Persisting Recognized WAV Audio from the SR Engine


This document is intended to help developers of speech recognition (SR) applications use the Microsoft speech recognition and audio APIs to persist or store the wav audio recognized by a SR engine. The topics covered include:

  • Typical file input scenario
  • Typical audio storage scenario
  • Relevant APIs for C++ and Visual Basic/Scripting developers
  • Sample recognized audio storage source code for developers (written in both C++ and Visual Basic 6.0)

Typical file input scenario

The following are typical scenarios that would need to store the wav audio recognized by the SR engine:

  • Transcription applications (e.g., convert voice mail to email)
  • Audio correction user interface (e.g., replay and/or re-recognize audio snippets)
  • SR engine testing (e.g., measure and improve engine accuracy with reproducible audio input data)

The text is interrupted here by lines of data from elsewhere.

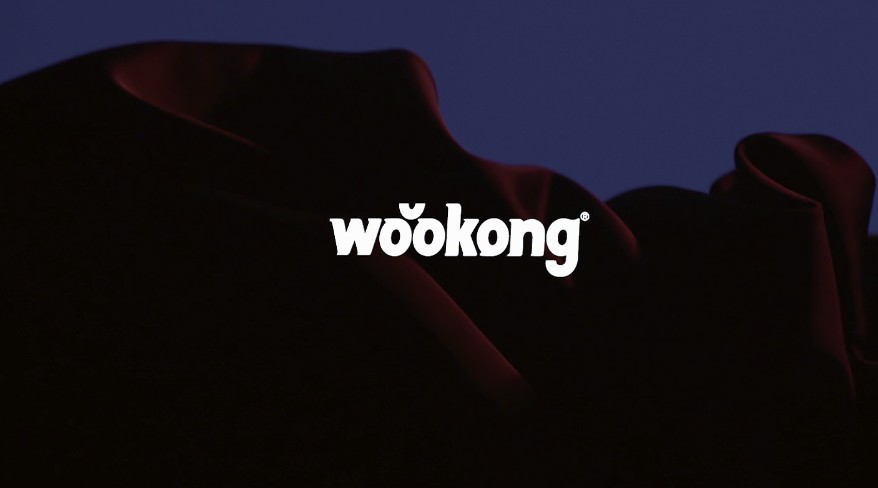 wookong-单品广告小白龙篇 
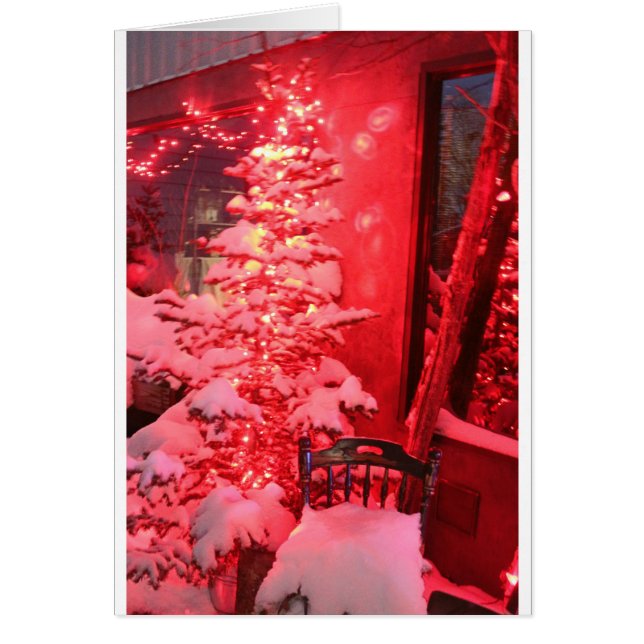 Schneeweihnachtsleuchten (Vorne)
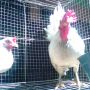 Ayam Kate Berjari Sepuluh Cengger Kembang Langka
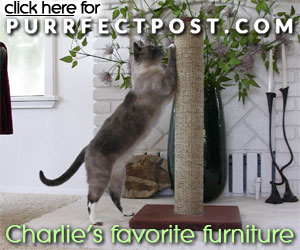 Click here for Charlie's favorite posts! Charlie's Favorite Furniture is the PurrfectPost!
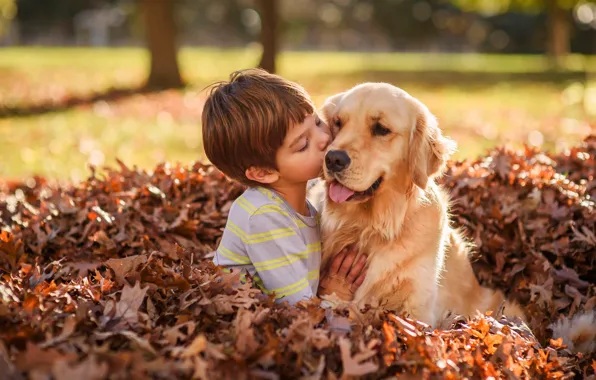 Autumn, leaves, foliage, dog, boy, friendship, friends, Golden Retriever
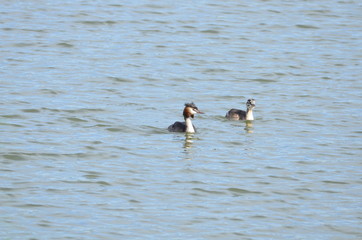Grèbe huppé (Podiceps cristatus)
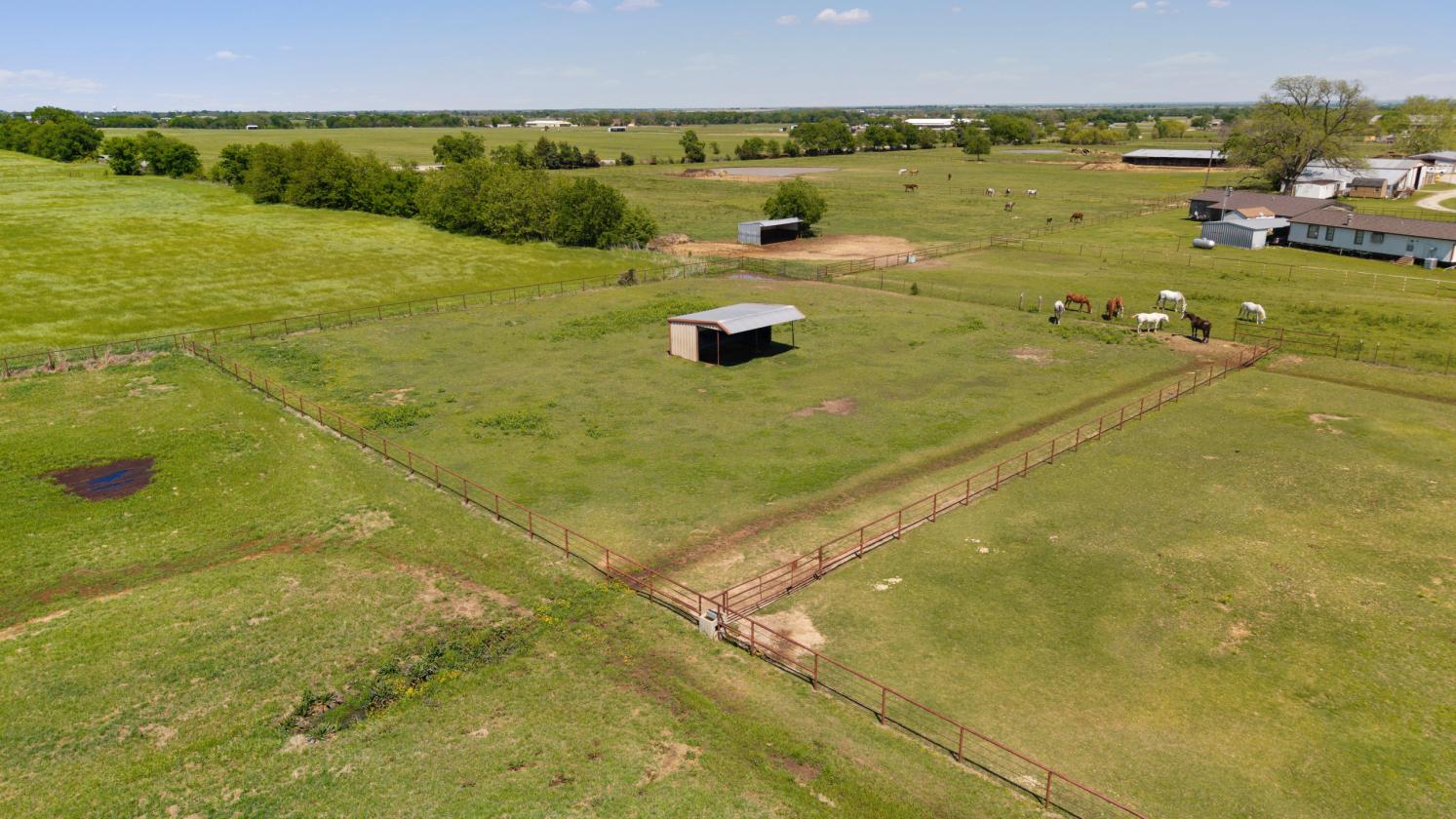 TM Horse Ranch - photo 22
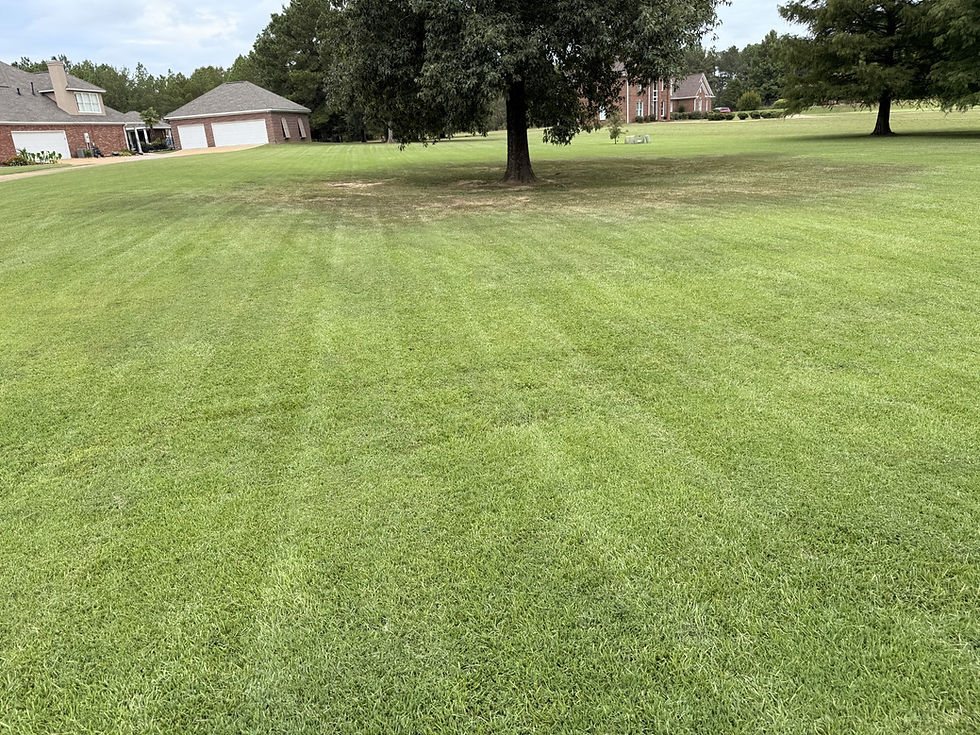 Cherry Hill Yard 3.jpg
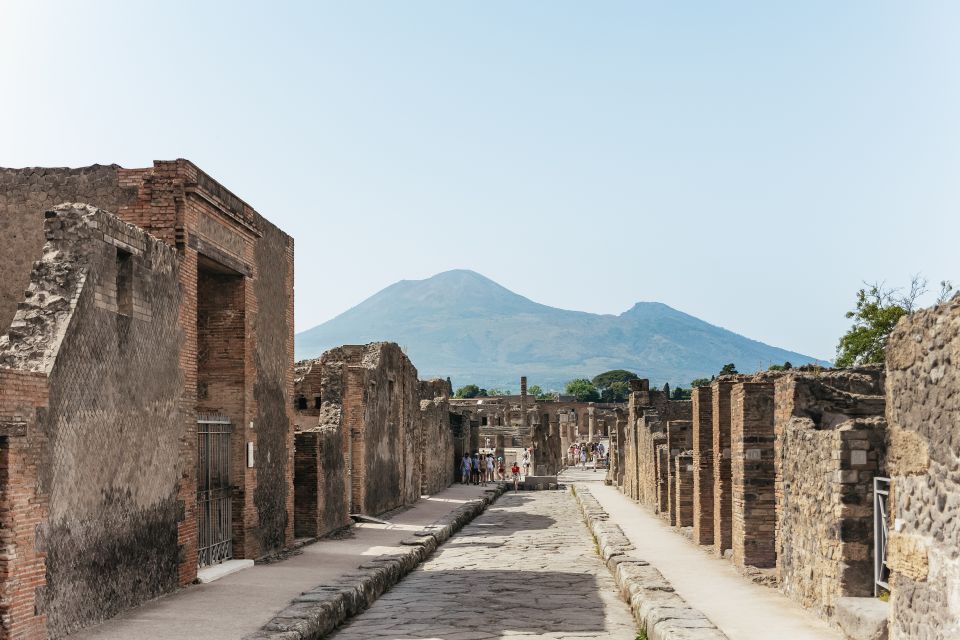 From Rome: Pompeii and Mount Vesuvius Day Trip With Lunch - Key Points
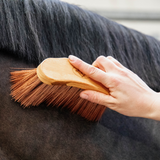 Grooming Deluxe Middle brush medium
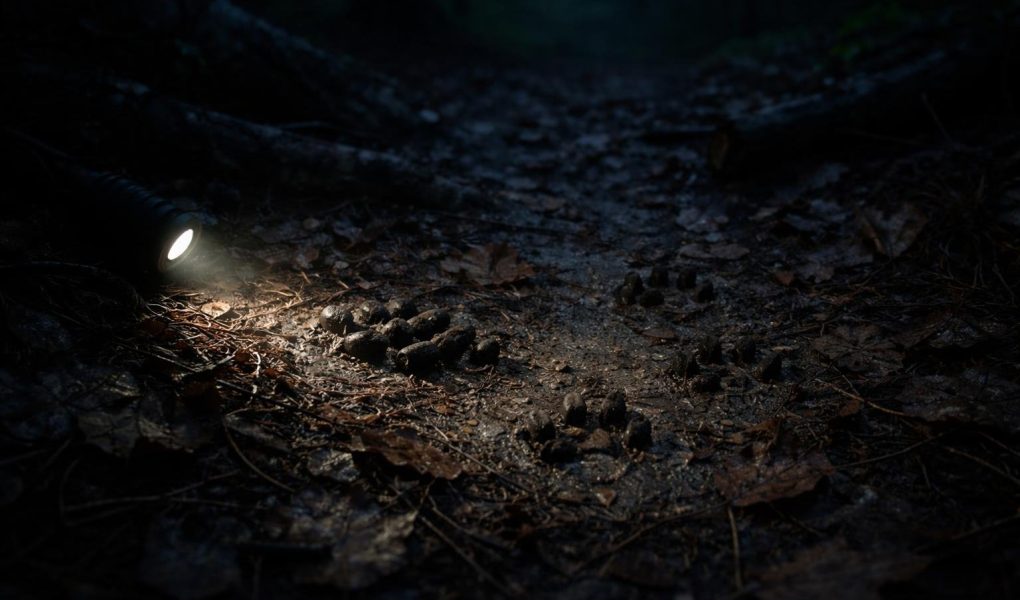 foret-nocturne-traces-crottes-animaux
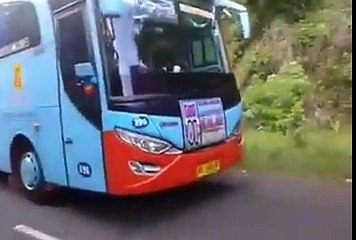 Perang Telolet Sesama Rosin (Rosalia Indah)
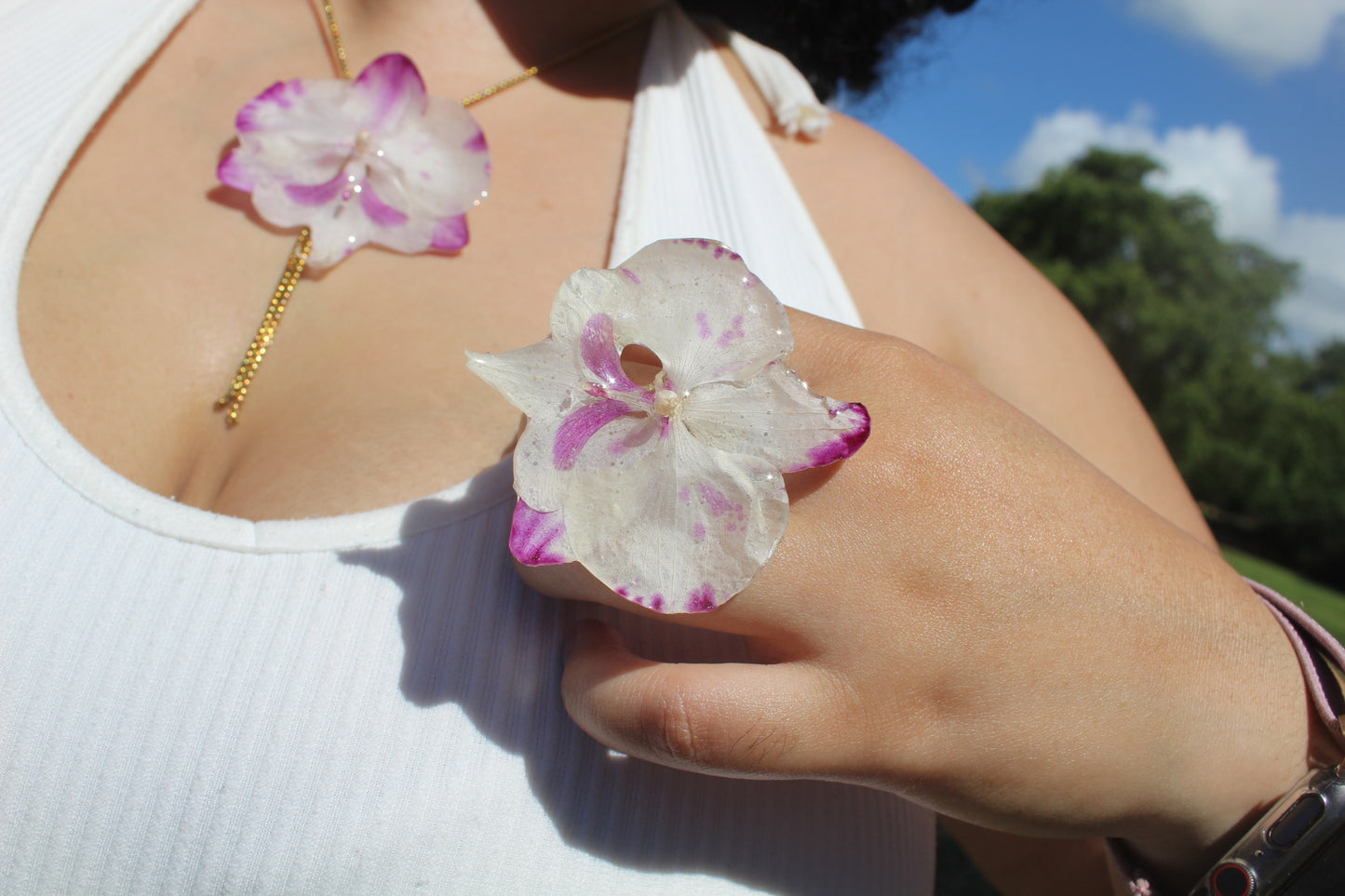 Phalaenopsis Orchid set (4pieces)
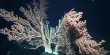 Corals Produce Reactive Oxygen Species, according to a Deep Sea Sensor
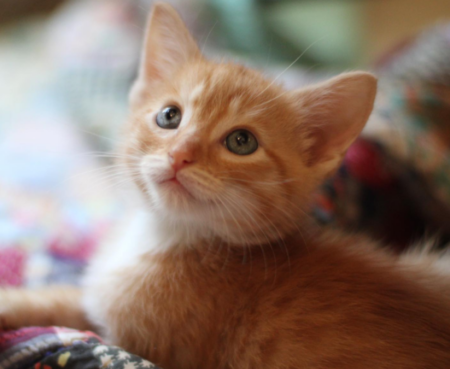 Kitten Season Blog
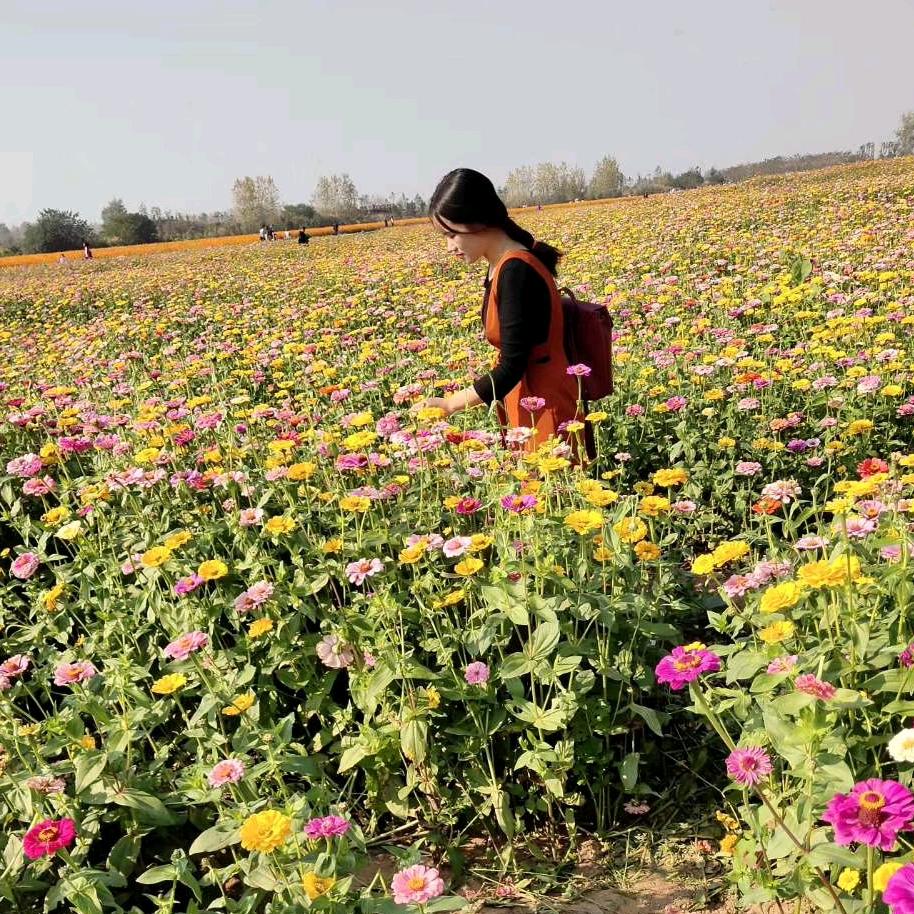 荆州区湘江五金机电经营部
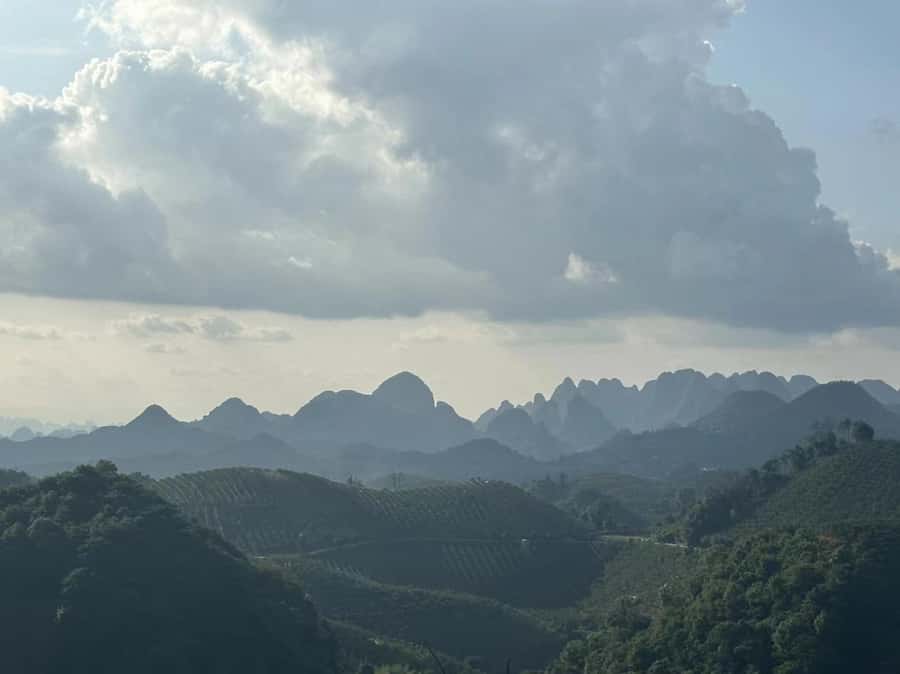 Qixianfeng Tea Plantation Tour in Yangshuo - Who Should Book This Tour, and Who Might Skip It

Typical audio storage scenario

Follow these basic steps to retrieve and store recognized wav audio:

  1. Create an SR engine (InProc or shared).
  2. Enable retained audio on the relevant recognition context.
  3. Set the retained audio format (specify lower quality for smaller storage size, higher quality for clearer audio). Default is the SR engine's audio format.
  4. Set up and receive recognition events for relevant recognition context.
  5. Retrieve audio stream from recognition result.
  6. Copy result's audio stream to file-bound stream.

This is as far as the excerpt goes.